A leaderboard for speech recognition that refuses to die
A community-curated spreadsheet of WER benchmarks, tracking who beat whom and by how much, since 2015.

What it does
wer_are_we is a GitHub repository that collects Word Error Rate (WER) results for speech recognition across standard benchmarks: LibriSpeech, WSJ, and Switchboard/CallHome. Each entry lists the paper, the date, the score, and whatever architectural footnotes matter—self-supervised pre-training, spec augmentation, transformer LMs, or just “humans” as a baseline. It is essentially a markdown table that the community is invited to correct.
The interesting bit
The value is in the footnotes, not the numbers. You can watch the field’s obsessions shift in real time: from HMM-TDNNs and iVectors through end-to-end attention, to the current regime where everyone seems to be stacking Conformers and pre-training on unlabeled data. The README also quietly flags when results used extra training data, which is the kind of asterisk that actual leaderboards often bury.
Key highlights
- Tracks three major benchmarks with consistent formatting since 2015
- Includes human baselines (5.83% WER on LibriSpeech test-clean, per Deep Speech 2)
- Current best on LibriSpeech: 1.8% / 2.9% (HuBERT, June 2021, self-supervised on 60K hours unlabeled)

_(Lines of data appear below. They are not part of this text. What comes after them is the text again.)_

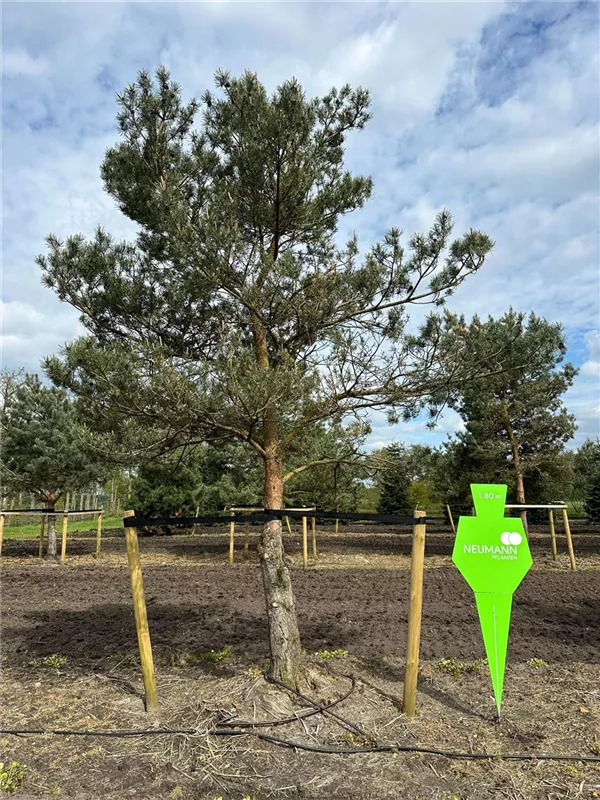 Pinus sylvestris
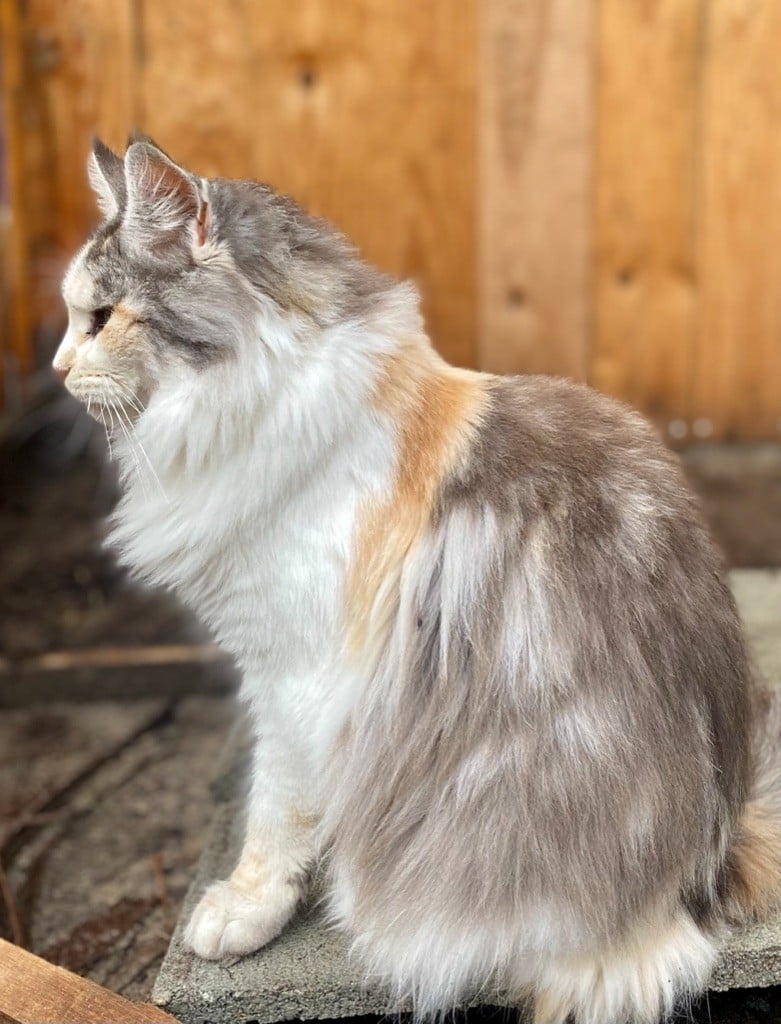 Maine Coon - Sunshine de l’outsaïna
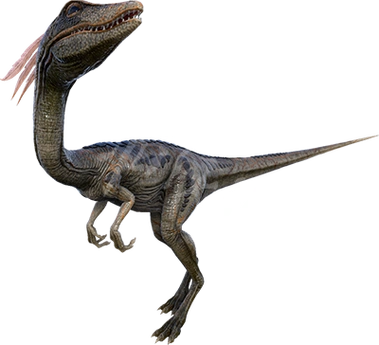 美颌龙驯服方法介绍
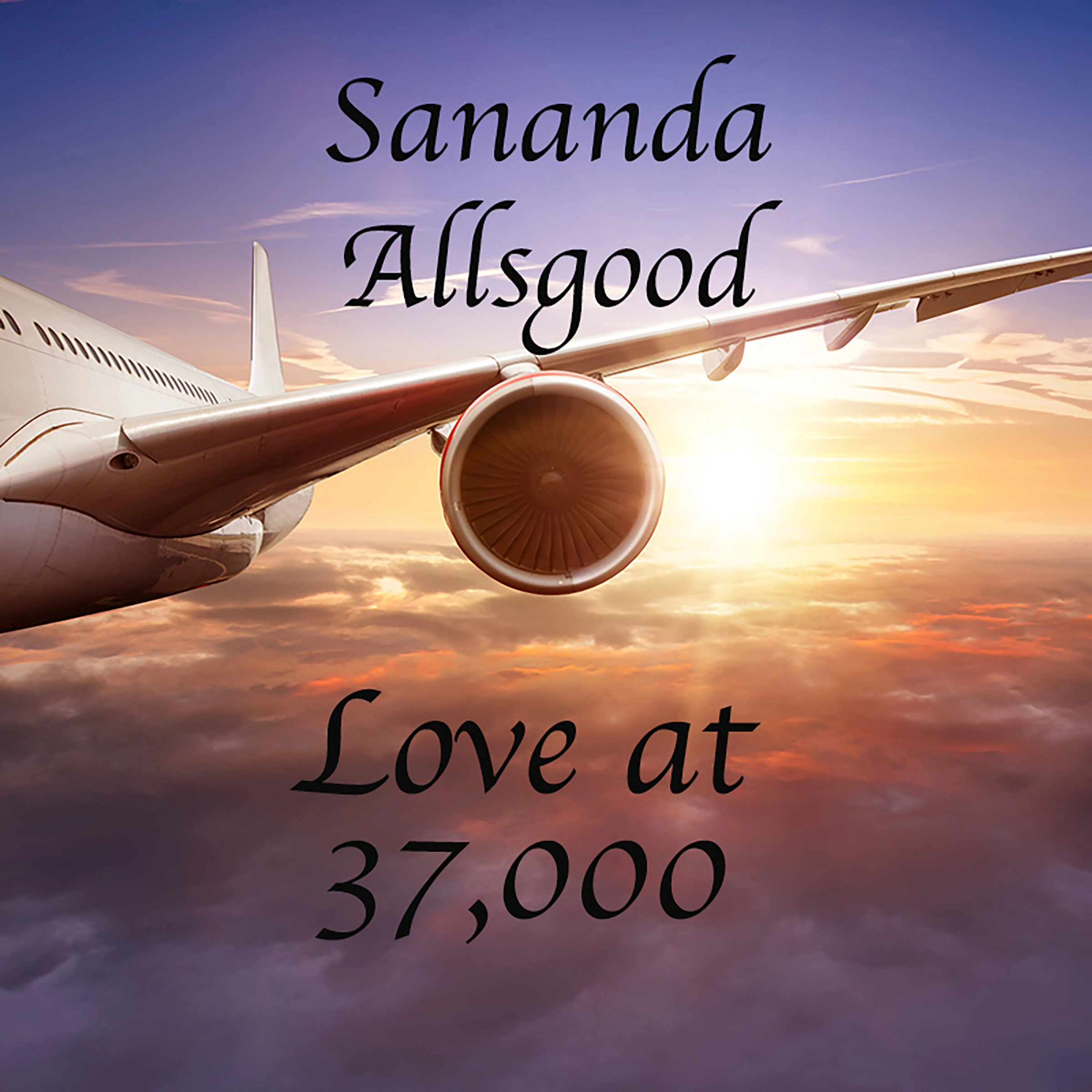 Love at 37,000 by Sananda Allsgood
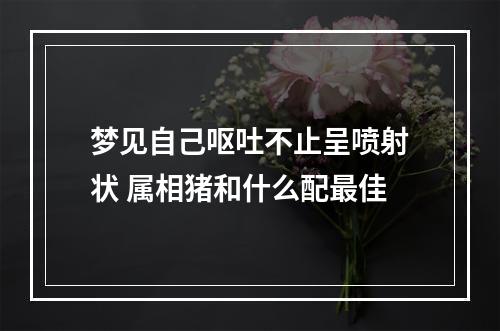 梦见自己呕吐不止呈喷射状 属相猪和什么配最佳
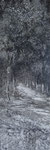 Sortie forestière 33x70 🙂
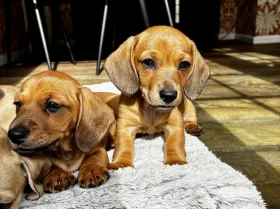 Dachshund (Smooth Haired)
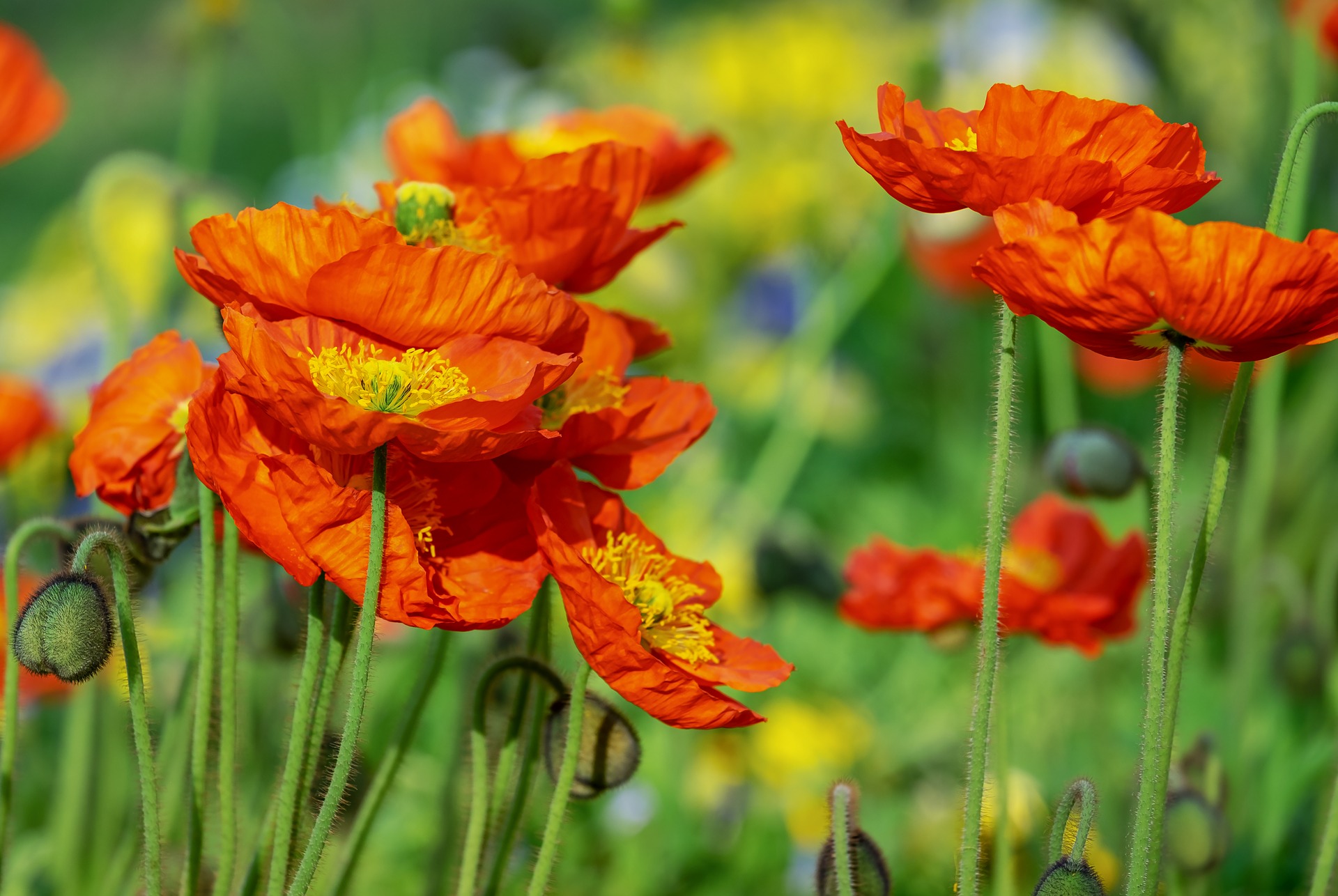 FLOWERS; POPPIES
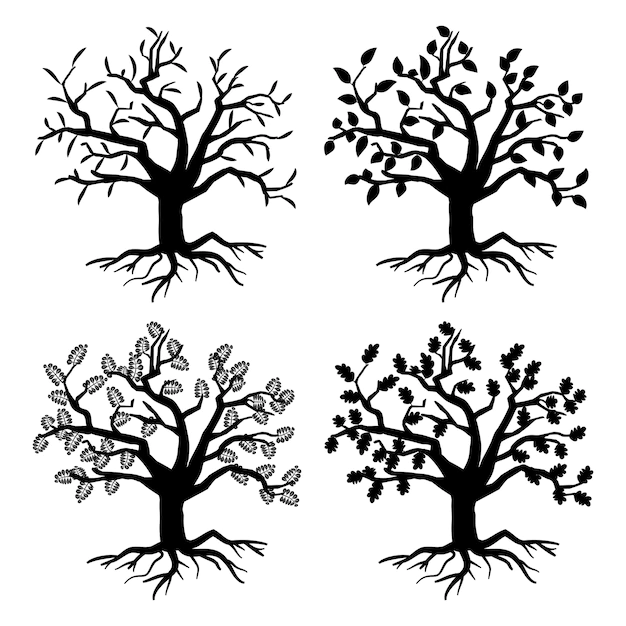 Free Vector | Park old trees.  tree silhouettes with roots and leaves. monochrome tree flora of collection illustration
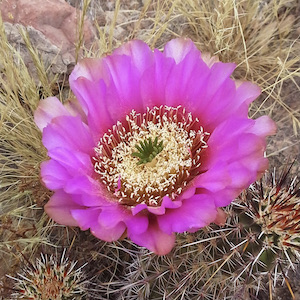 A fuchsia cactus flower with a yellow and green center.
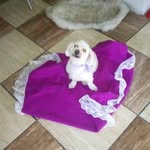 Estela Botello - @estela.botello.397 - Instagram
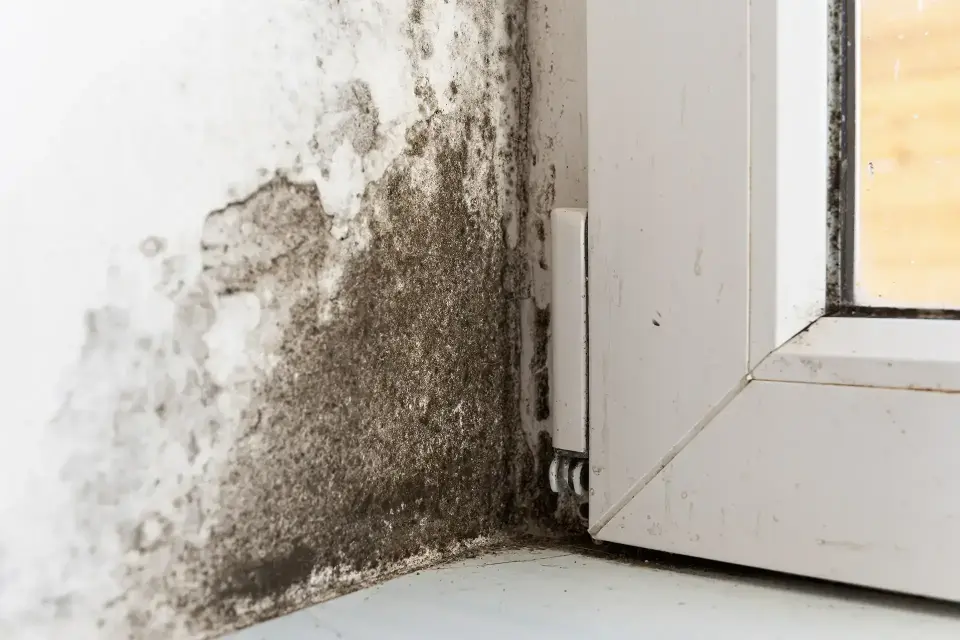 Water Damage in Oldsmar, FL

- Explicitly notes data augmentation methods and out-of-corpus training where known
- Openly editable: the README invites corrections
Caveats
- No automation: it is hand-maintained markdown, so freshness depends on pull requests
- Coverage is spotty outside the big three benchmarks; no TTS, no streaming latency numbers, no industrial APIs
- Some entries are truncated or incomplete in the source (the README cuts off mid-table in places)
Verdict
Useful if you are writing a paper and need to cite “state of the art” with actual numbers, or if you want to argue that your 2.1% is competitive. Not useful if you need code, models, or reproducibility details—this is a bibliography with WER columns, not a framework.